Lea saca la basura para llevarla al incinerador, y ve su reflejo al traspasar la puerta: una melena de león, un pecho de pavo. No grita. Sabe que si te ven mientras llevas al Herauco no se va, se te queda pegado al cuerpo y se encariña.
En la oscuridad del pasillo, ve sus garras sosteniendo la bolsa y apura sus patas hasta el descanso. Escucha desde la cocina a su madre que la llama.
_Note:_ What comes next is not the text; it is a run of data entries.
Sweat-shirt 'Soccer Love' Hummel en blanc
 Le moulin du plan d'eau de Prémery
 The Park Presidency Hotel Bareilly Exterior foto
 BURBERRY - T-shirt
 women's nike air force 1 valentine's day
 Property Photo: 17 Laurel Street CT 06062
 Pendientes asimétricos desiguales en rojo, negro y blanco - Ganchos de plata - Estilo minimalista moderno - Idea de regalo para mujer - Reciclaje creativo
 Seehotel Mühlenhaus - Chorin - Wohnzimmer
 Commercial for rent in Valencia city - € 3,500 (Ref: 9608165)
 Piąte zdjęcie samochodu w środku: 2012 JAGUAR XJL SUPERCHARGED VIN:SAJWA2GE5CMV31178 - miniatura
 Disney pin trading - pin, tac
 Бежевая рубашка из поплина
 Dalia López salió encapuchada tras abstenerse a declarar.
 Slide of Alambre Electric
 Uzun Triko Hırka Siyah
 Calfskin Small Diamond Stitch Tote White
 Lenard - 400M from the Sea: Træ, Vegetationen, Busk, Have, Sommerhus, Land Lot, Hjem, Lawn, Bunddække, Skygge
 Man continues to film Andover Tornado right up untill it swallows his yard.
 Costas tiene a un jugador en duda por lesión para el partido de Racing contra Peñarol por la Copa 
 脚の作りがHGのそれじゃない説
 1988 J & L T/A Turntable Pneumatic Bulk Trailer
Lea abre el hocico y gruñe, pero la madre piensa que el rugido sale de la radio.
La niña abre la puerta del incinerador y el calor le chamusca los bigotes.
«¿Cuánto tiempo el Herauco se vivía?» No lo recuerda, y lo estudió.
Decide entonces respirar, y muy quieta se queda, en cuatro patas, escuchando la noche. La niña piensa entonces que el mundo es suyo. Que la idea de quedarse Herauco no es tan aterradora. Se siente fuerte, hambrienta, eterna, tan atada a la tierra, tan feliz. Piensa de golpe en qué comer, y tiene miedo.
Pero el oscuro bicho prevalece, y las sencillas inquietudes de Lea se licúan frente a la naturalidad bruta del Herauco.
-Mamá- dice distinta la niña, al entrar en la cocina.